The demands for education that employers will lay down as "standard", as baselines to take an application seriously, have been raised a great deal in the last twenty to forty years. But the complexity and demands set by the things the employees are gonna do, that often hasn't seen a major elevation. (Okay, lots more people use computers these days on the job, but once you've learnt the routines, and know what you're supposed or allowed to do with the pc, ipad or phone, that side of the work often isn't very challenging).
Many jobs are now more "pre-packaged duties" and with less individual responsibility than those kinds of positions used to entail: nurses, freight, bus and train drivers, journalists, many kinds of factory workers and small workshop technicians, even some lines of teachers (above high-school level) are more firmly reined in today and scripted with exactly what they are supposed to do and say, no matter how they see the day-by-day or specific-task circumstances on the job. But at the same time the level of programs you have to take - and thus the debt you have to incur to get in - have risen massively.
Though most of them would deny it, I think it's obvious that tech industries and factories, office personnel suppliers, traders, newspapers and news agencies today often demand a university or advanced professional training exam more as a sorting-out-beam, a means of stopping the flood of applicants, than for the actual knowledge they think those schools will impart in their exiting students. These employers - or their hiring department guys, who are often working by a set policy - want papers to prove that the applicant has the patience and medium-range drive (or slightly above medium, but not a Marie Curie drive?) you'll need to get through to an exam on decent time, and the social skills that are informally trained and passed on at a university (getting into the "school spirit" as it used to be called) - they are not that interested in brilliant and outstanding academic credentials or innovative research as such. I know several people (and have heard of many more) who felt that a too consistently great exam could be a hindrance when they left university, or even before then, looking for a job on the side to help pay their rent and books, because it invited the jibing question "so, don't you know anything *else* than how to score in the academy?" The packaging of knowledge in a set form, and the papers for it, are becoming more important than the actual knowledge, or will to take on challenges, that a person may acquire at this or that school - or in life.
As a professor of law at the academy I've studied at put it twenty years ago, "the rampant educomania is well on its way to wringing the neck off the view that most people have an innate capacity to understand, to take on new challenges, to grow in work, but this is a capacity that often needs to be allowed to develop in joint work and contact with other people". (Experience integrated into you, into how you'll handle a situation or a problem, is what counts, not just the number of books and degrees you have clocked)

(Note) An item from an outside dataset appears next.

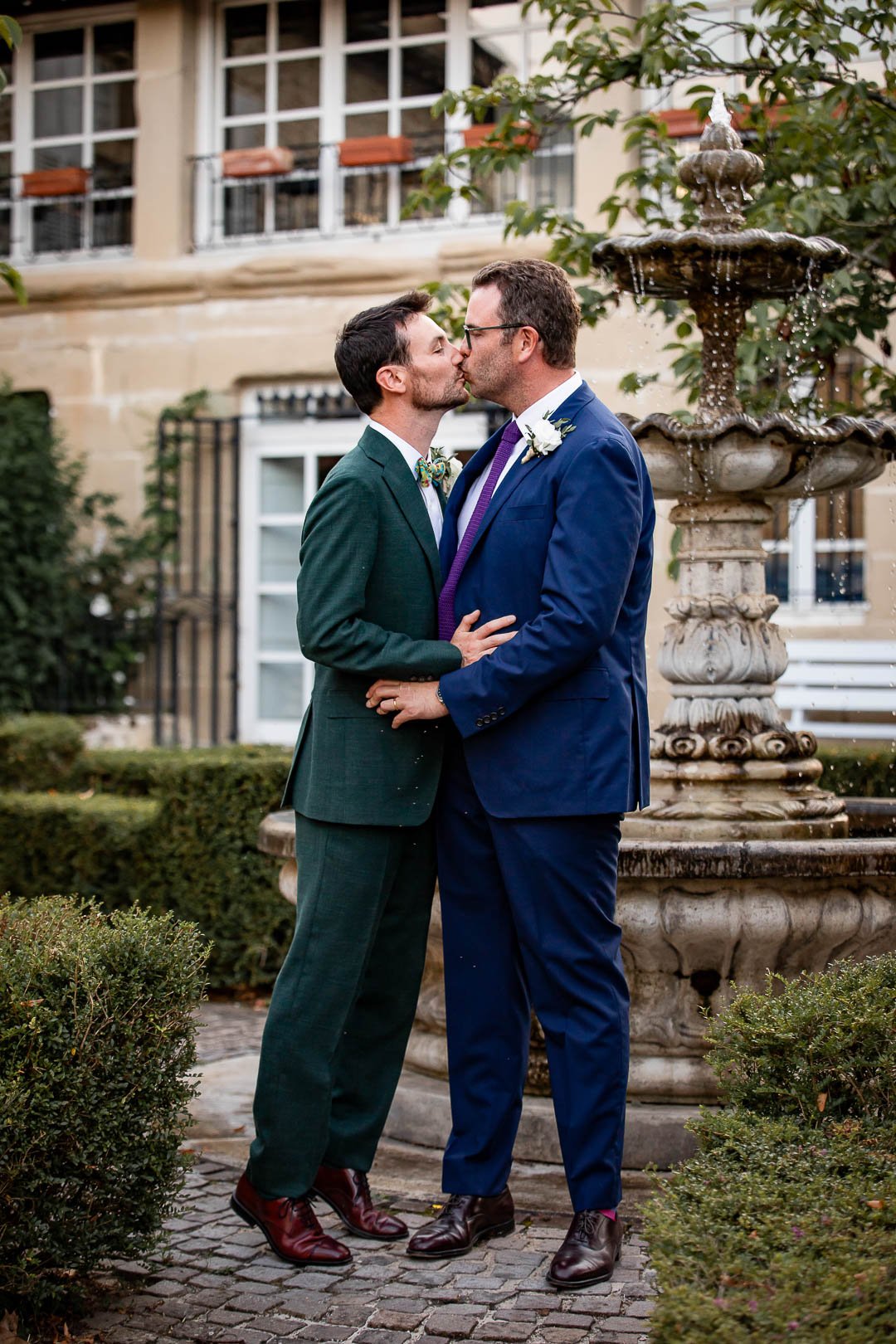 Seance couple mariage gay - Photographe mariage Grenoble - Elo Wedding Photographies-006.jpg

Of course the professed talk is that we live in a society where "excellence in knowledge, and the ability to question received ideas, is king", but in reality that's not what employers and corporations want; many employers are looking more for somebody that's mouldable once he/she gets in. Paradoxically, a heavy debt burden which you have to acquire to even have a go at getting the foot in can make you more mouldable, because you have to "get in and play by all the rules or keep out". When this kind of thing happens in a recession, or in a period with high unemployment even if the wheels be rolling fast in many places, it risks creating a huge army of people with long studies but little real experience at the stuff they will actually be doing after their exams, and perhaps low on skills (or cahnnels) in selling themselves to future employers.
It's easy enough for universities and colleges to raise their education fees, and raise them steadily, even rapidly, without really showing that the education they offer counts for an average of their students. Universities, trade schools and "elite schools" get a lot of fawning coverage in the media today, and it is easy for them toi provide rosy footage of what they offer - you interview the success-story students and rely on the fact that everyone wants to come across as a winner: few people will answer openly, in a gallup or at a town hall meeting, that a few years after exam they have landed in a debt trap or aren't getting near the kind of jobs they feel they were trained for, still fewer will stand up in a newspaper interview with name and picture and describe such a situation.
Both the schools themselves, corporations and the media are peopled by folks who have climbed up the ladders on the set conditions, who have paid their dues and who are not going to admit a great deal of critical questions and sharp angles. At the same time, politicians more or less consciously use universities and schools as a way to keep people out of open unemployment and tidy up the statistics of their region a bit.This all needs to be discussed a good deal more openly than is being done today; if employers don't really trust the quality of the educational systems they are praising, and if on the other hand we get less and less taxes or savings to keep those schools going and functioning, then in the end we're in for a great deal of future trouble.